These kinds of commandments assured that there was a certain degree of visual consistency across the franchise. If one saw a two-engine ship with a flat saucer section, they would instantly be able to identify it as a Starfleet vessel. Later on, tech nerds and expanded-universe-obsessed Trekkies would posit that Roddenberry's two-engine design also served a practical purpose. The engines needed to be unobscured because the red "caps" on the end (called Bussard ramscoops in the show's mythology) scooped up errant space particles and gases and transformed them into energy. The twin engines were required to form an entire warp field around a ship.

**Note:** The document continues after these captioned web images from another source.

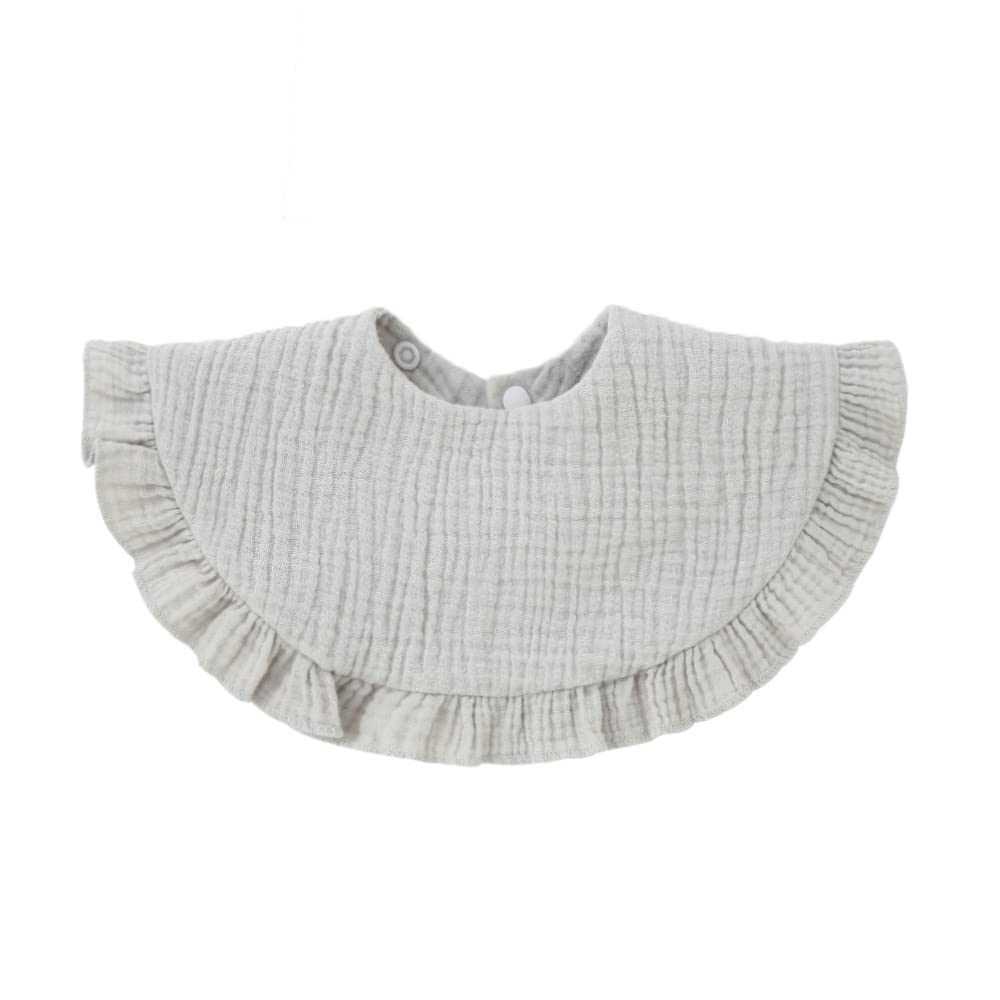 Nishine 4 baberos unisex de muselina para bebé, baberos giratorios de algodón de 360 grados, para dentición y alimentación, One Size Blanco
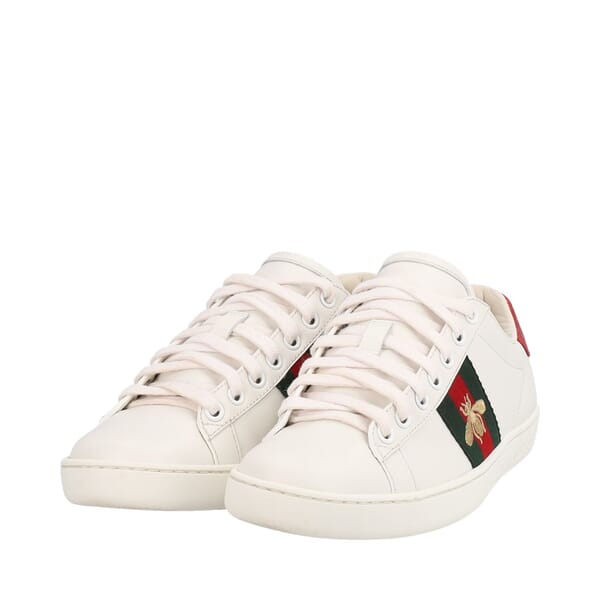 Leather Ace Bee Sneakers White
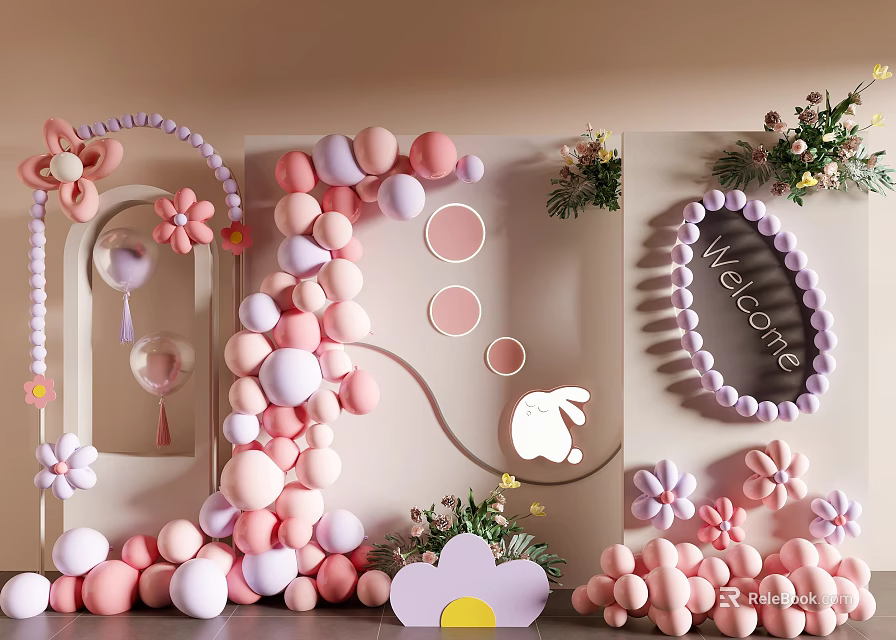 Floral Display with Pink Purple Balloons Flower Decorations Welcome Sign and Rabbit Figure 3d model 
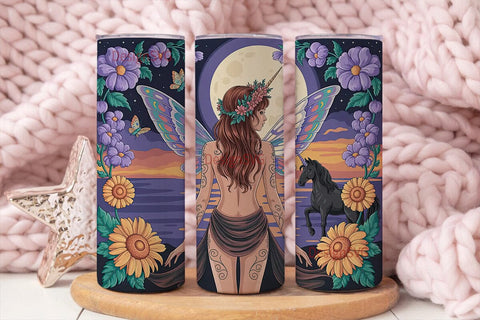 Mystical Fairy Tumbler Wrap PNG Sublimation DesignSVG 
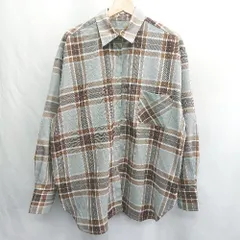 ◇ ⊇ Alma Design アルマデザイン チェック柄 長袖 シャツ サイズL グレー ブラウン レディース E  【1501160042002】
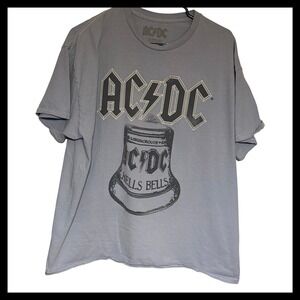 ACDC Hells Bells Graphic T Shirt Mens 1X Gray Short Sleeve Band Tee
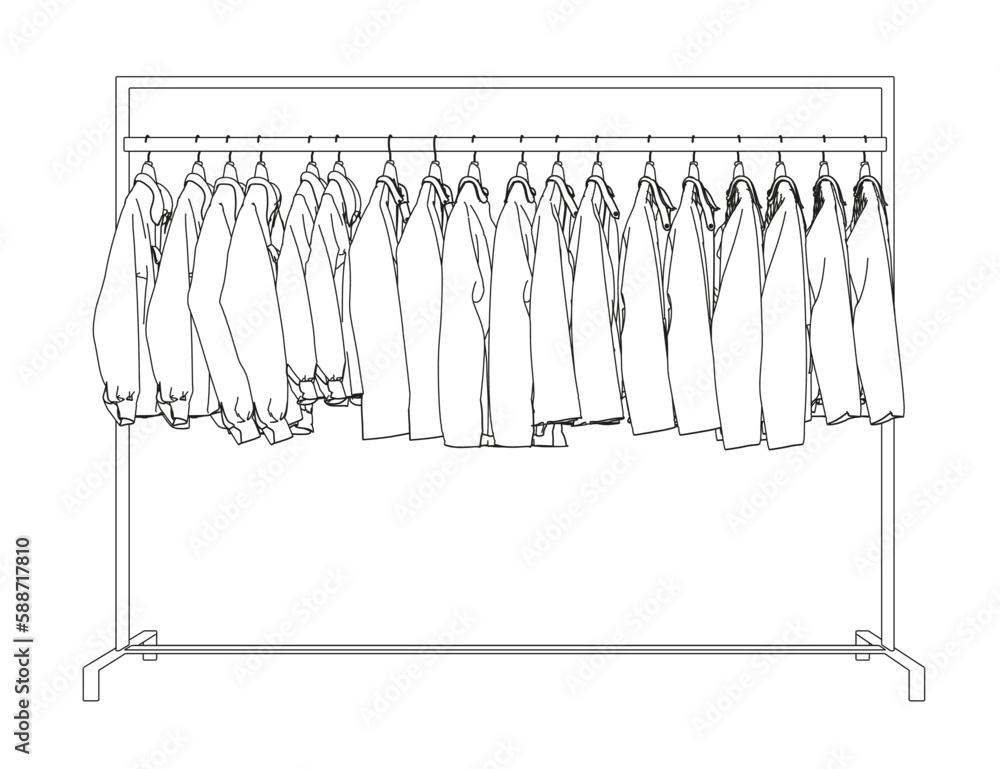 Outline of clothes hanging on hangers from black lines isolated on ...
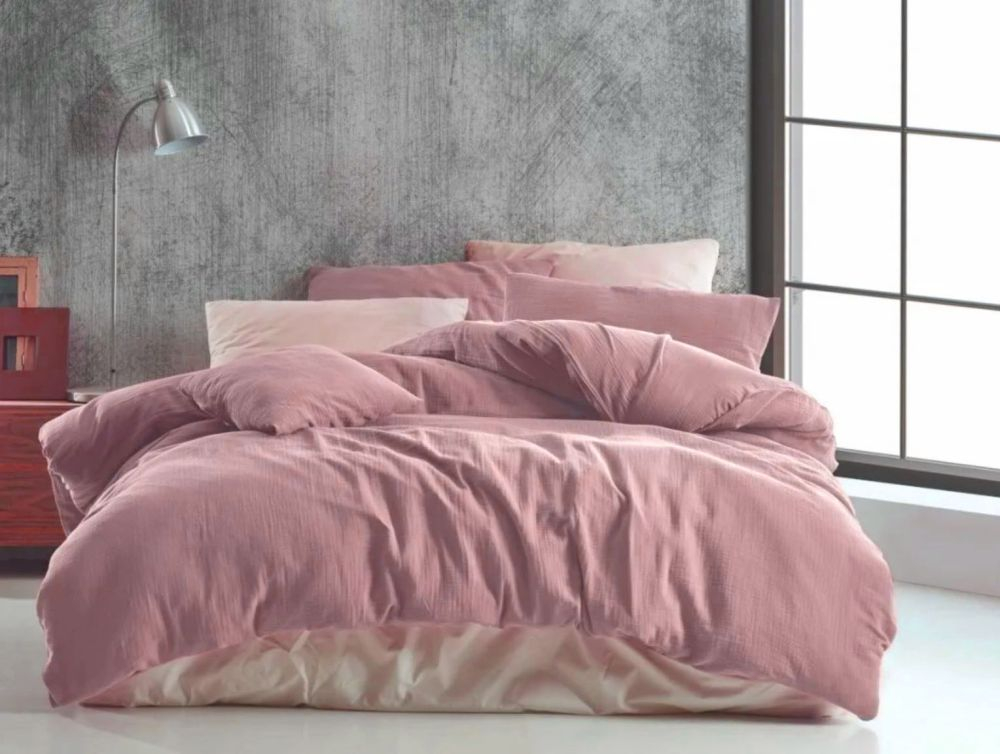 TOP Mušelínové povlečení 140x200+70x90 Růžové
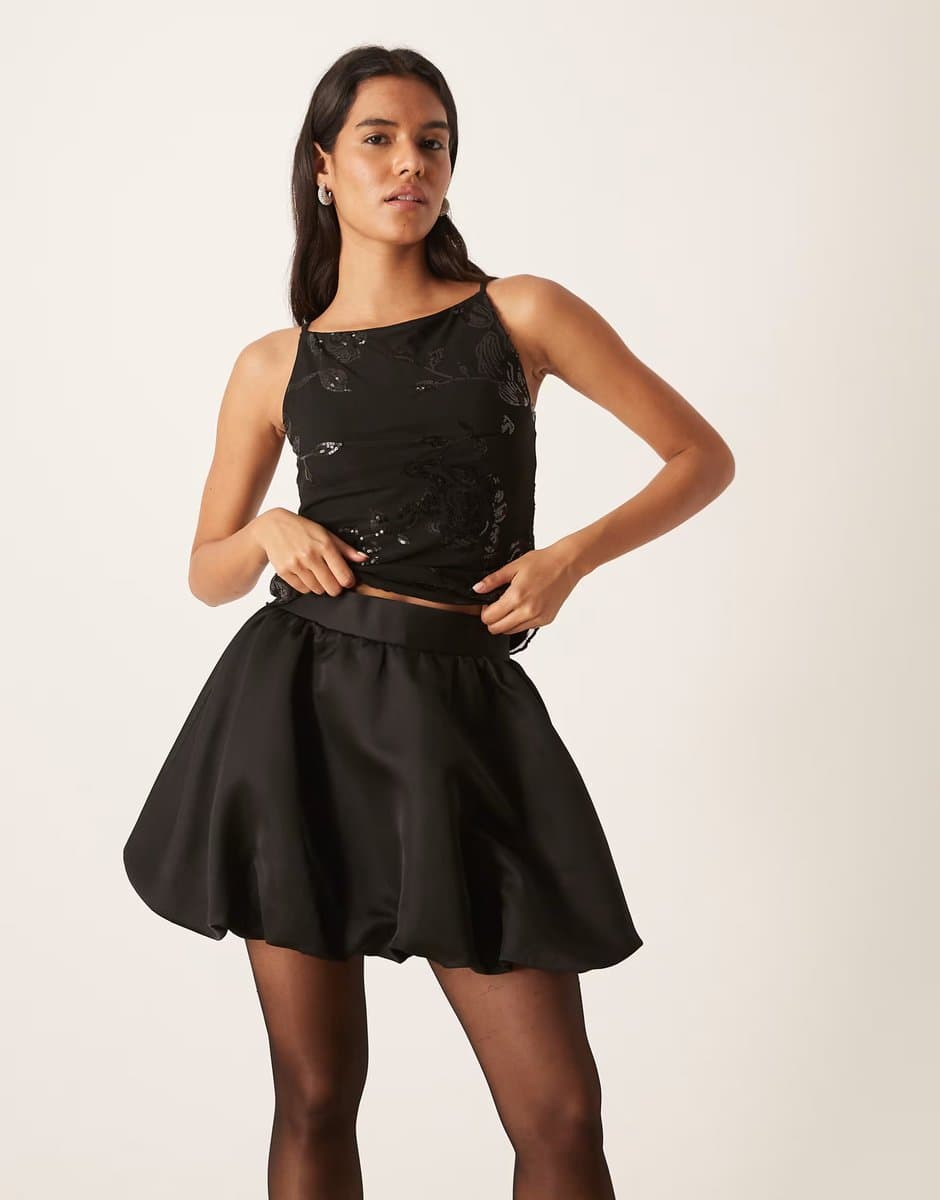 ASOS Gina Tricot satin mini balloon skirt in black
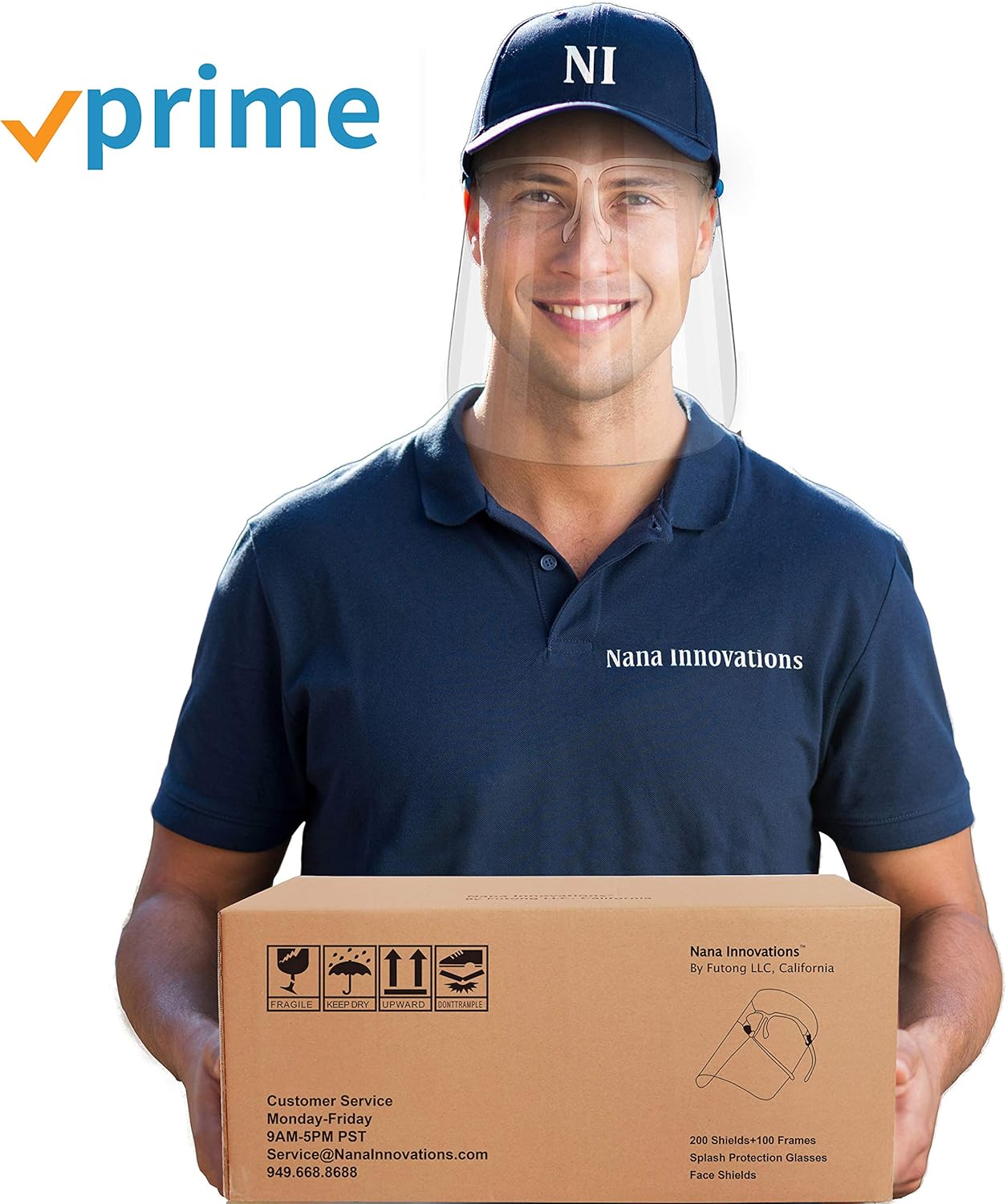 Hot Deals Nana Innovations 200 Shields+100 Frames Premium Glasses Face Shield Anti Fog Reusable safety protection Goggle Visor Cleanable Wholesale Bulk B2B Case (10 Boxes of 20 Shields+10 Frames Pack) Best Quality 🔥 Nana Innovations 200 Shields+100 Frames Premium Glasses Face Shield Anti Fog Reusable safety protection Goggle Visor Cleanable Wholesale Bulk B2B Case (10 Boxes of 20 Shields+10 Frames Pack)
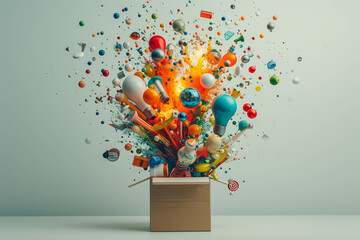A gift box with many things bursting forth, bursting out new ideas, new thoughts and so on. - obrazy, fototapety, plakaty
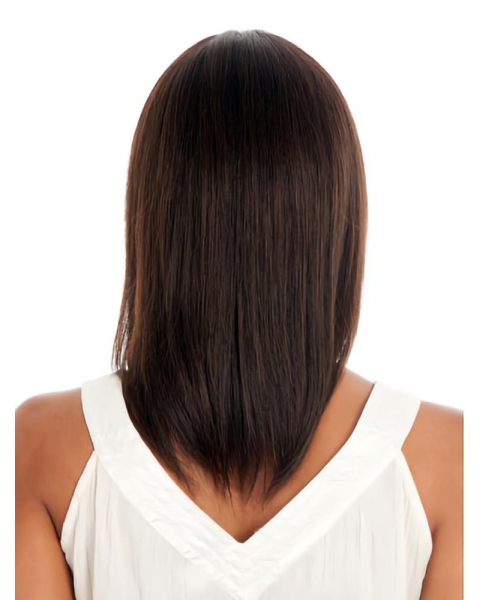 Cool Brown Straight Shoulder Length African American Wigs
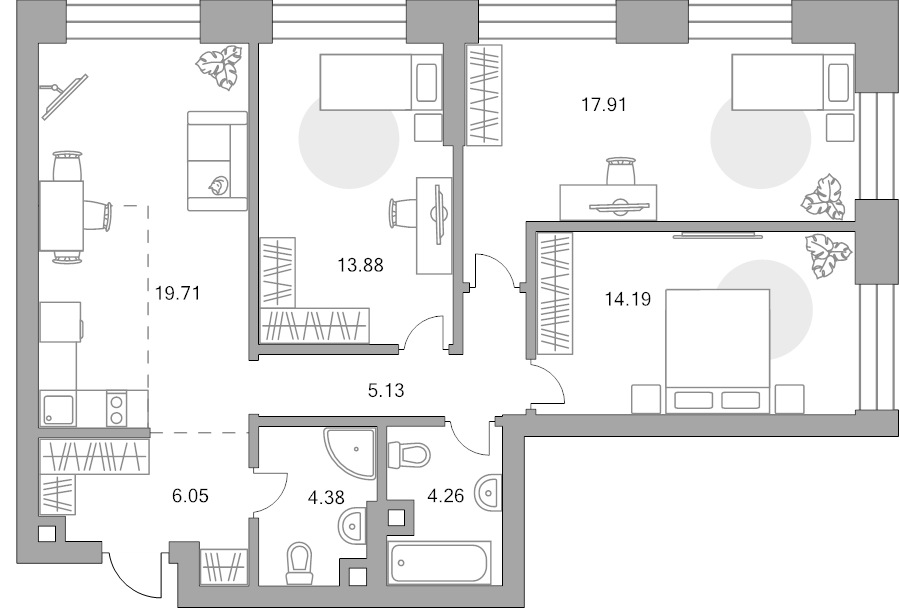 4 ккв (Евро) 85,5 м²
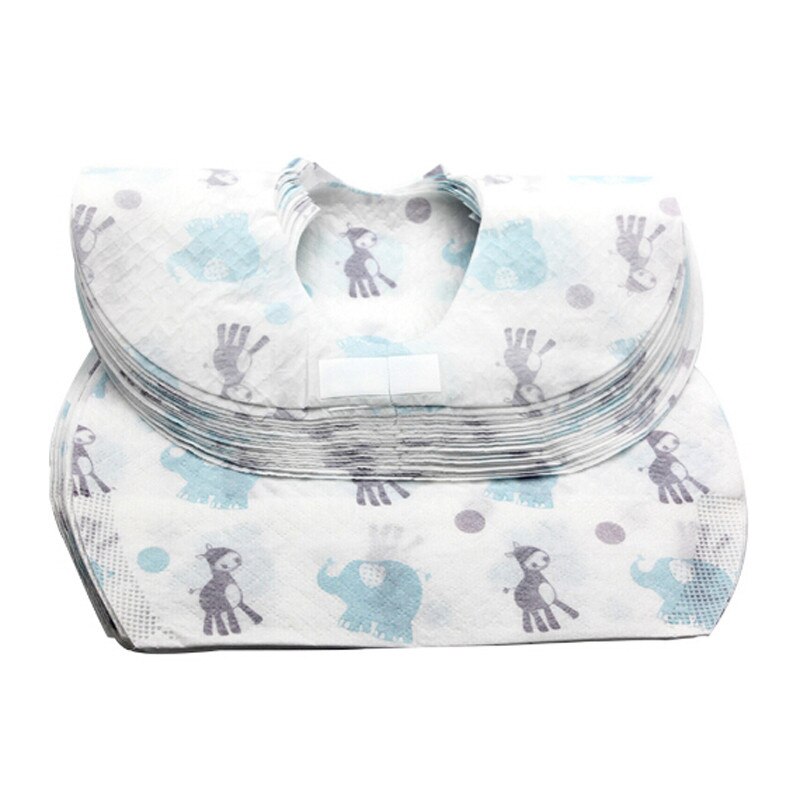 Waterproof Non-Woven Fabric Disposable Bibs Eating Saliva Paper Bibs For Babies 10pcs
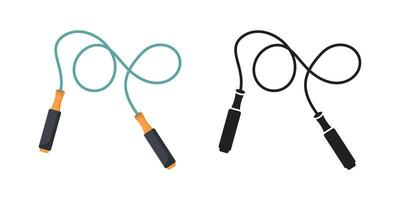 Two jump ropes with handles on a white background vector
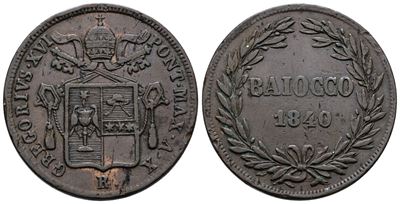 Stato Pontificio. Roma. Gregorio XVI (1831-1846). Baiocco 1840. Cu; 10,17gr; Gig.167; Bb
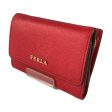 FURLA BABYLON Trifold Wallet RED Leather Plain For Sale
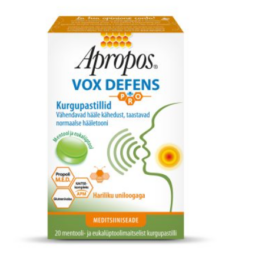 APROPOS VOX DEFENS throat lozenges with menthol and eucalyptus flavor, 20 pcs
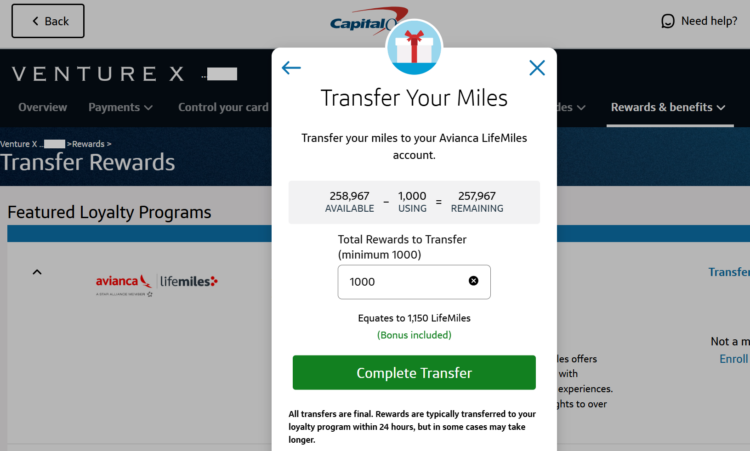 Screenshot showing Capital One miles transfer bonus example to Avianca LifeMiles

As it so happens, though, Roddenberry's starship designs might have been just as scientifically sound as aesthetically pleasing. According to a new paper published on the IOP Science website (and covered by Fast Company), an actual faster-than-light starship would indeed require widely-spaced engines to create a field of warped space around a vessel.

Faster-than-light travel might require widely-spaced warp engines (like those seen in Star Trek)

To bring any laypeople up to speed, the fictional engines for the ships in the "Star Trek" franchise operate by "warping" space around the ship, as opposed to propelling the ship at faster-than-light speeds. "Star Trek" has always liked to keep one finger on the reality of actual physics and understands that the law of relativity prevents objects from traveling faster than light. As such, its propulsion "bunches up" space around the ship, travels across a smaller distance at sub-light speeds, and then re-stretches space back to normal, allowing it to traverse great distances without having to ever go faster than light. It's all very technical, even in the many fictional technical manuals that've been written about the property. As stated, the reason the warp engines are so far apart is because a field needs to be formed around the entire ship, and the field can more easily be generated from two engine arrays on the outer edges of the ship.

It seems that a mechanical engineer named Harold "Sonny" White has been working on similar "warp" technologies at NASA's Jet Propulsion Laboratory, and he's proposed a device that could theoretically travel faster than light. By coincidence, it happens to look a lot like the U.S.S. Enterprise, notably because it sports two widely spaced warp nacelles. And, yes, White noticed, writing:

"The resemblance to the twin nacelles of the U.S.S. Enterprise is not merely aesthetic, but reflects a potential convergence between physical requirements and engineering design, where science-fiction architectures hint at practical pathways for real warp-capable configurations."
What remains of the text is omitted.